A 10-line version of Graves's poem first appeared on the dedication page of his book The White Goddess, published in May 1948. It there bore the title "In Dedication". Graves then rewrote it in a 22-line version and published it as "The White Goddess" in The Nations issue for 4 December 1948. This version was reprinted in his 1951 collection Poems and Satires, and in subsequent editions of his Collected Poems. The 22-line version replaced the 10-line one in editions of The White Goddess from 1952 on, though the original title, "In Dedication", was retained. Graves introduced textual variations in the 22-line version over the years, notably in the use of pronouns, I and my being used throughout in some editions and we and our in others.

"The White Goddess" is also included in selections of Graves's poems edited by Paul O'Prey, Patrick Quinn, Michael Longley, and Graves himself.
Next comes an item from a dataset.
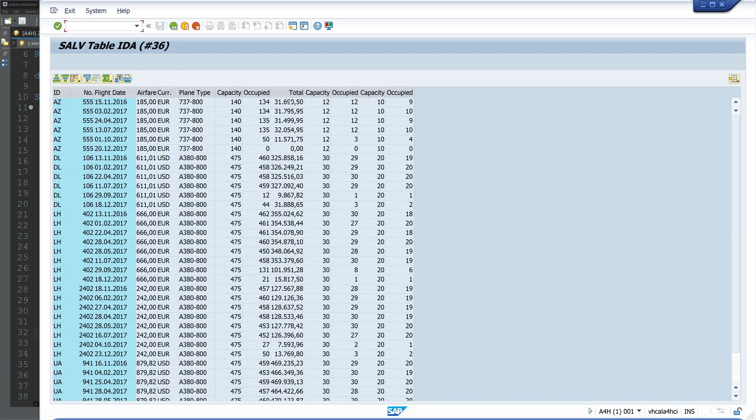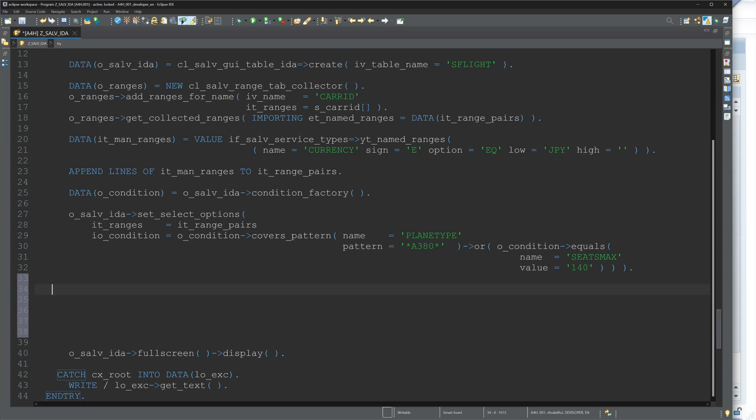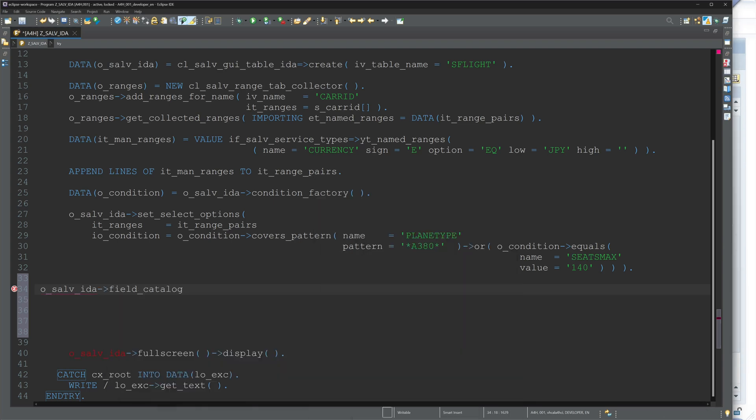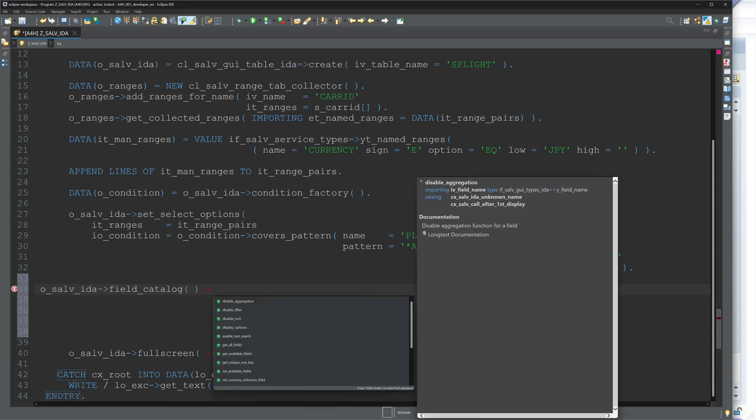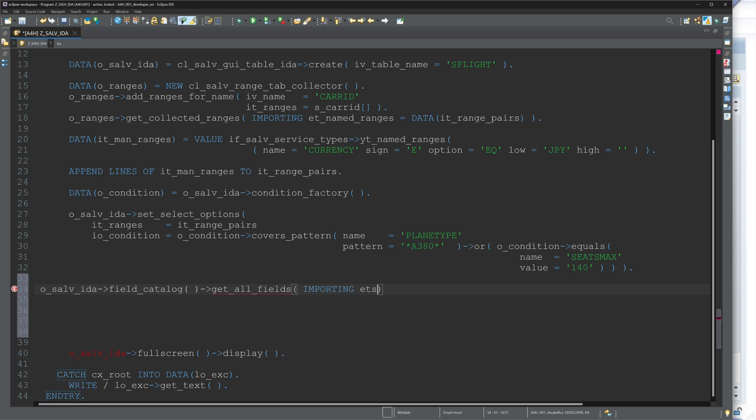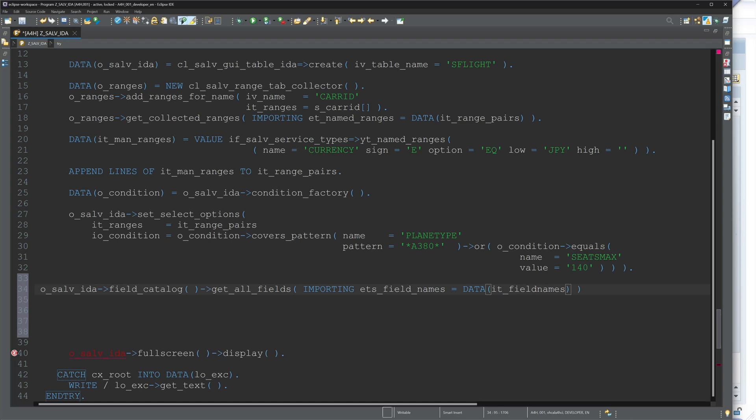And we can exclude columns as well. For example, a total column here. So for this, I call the field_catalog method, then the get_all_fields method. So with o_salv_ida field_catalog and get_all_fields, importing parameter ETS_field_names, and here we do an inline declaration with DATA it_field_names. So in this internal table are all possible field names of my database table stored.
== Themes and structure ==

"The White Goddess" acts as a manifesto for that tradition of Goddess-inspired poetry of whose "poetic myth" Graves's book, according to its subtitle, forms a "historic grammar". The poet in that tradition, says the poem, rejects prudential considerations of conventional virtue and reason, and instead devotes himself to the beautiful and cruel White Goddess. It describes, initially, the poet's search for the Goddess, the inspirational source of his creativity, whose erotic power he sees as a disruptive force standing in direct opposition to the classical tradition of rational, "Apollonian" poetry. He indicates the "distant regions" his quest takes him to and the appearance of the Goddess he seeks, and finally expresses his eagerly fatalistic response to her divine nature, her "nakedly worn magnificence...cruelty and past betrayal".

== Poetic technique ==

In spite of the poem's Romantic theme, its diction and syntax exhibit a cool and measured propriety reminiscent of Latin poetry, and indeed of that Apollonian "golden mean" which the opening lines of the poem place in opposition to the Goddess, though the iambic pentameter is noticeably disrupted by slight irregularities of rhythm. It also employs techniques drawn from Welsh-language poetry. For example, it uses words with masculine and feminine endings to rhyme with each other (such as know and echo), Again, there are examples of proest, the ending of couplets with words of which the final consonants rhyme but the vowels do not (such as men and mean).

== Models ==

In The White Goddesss dedicatory poem Graves describes the appearance of its subject:

Whose broad high brow was white as any leper's,
Whose eyes were blue, with rowan-berry lips,
With hair curled honey-coloured to white hips.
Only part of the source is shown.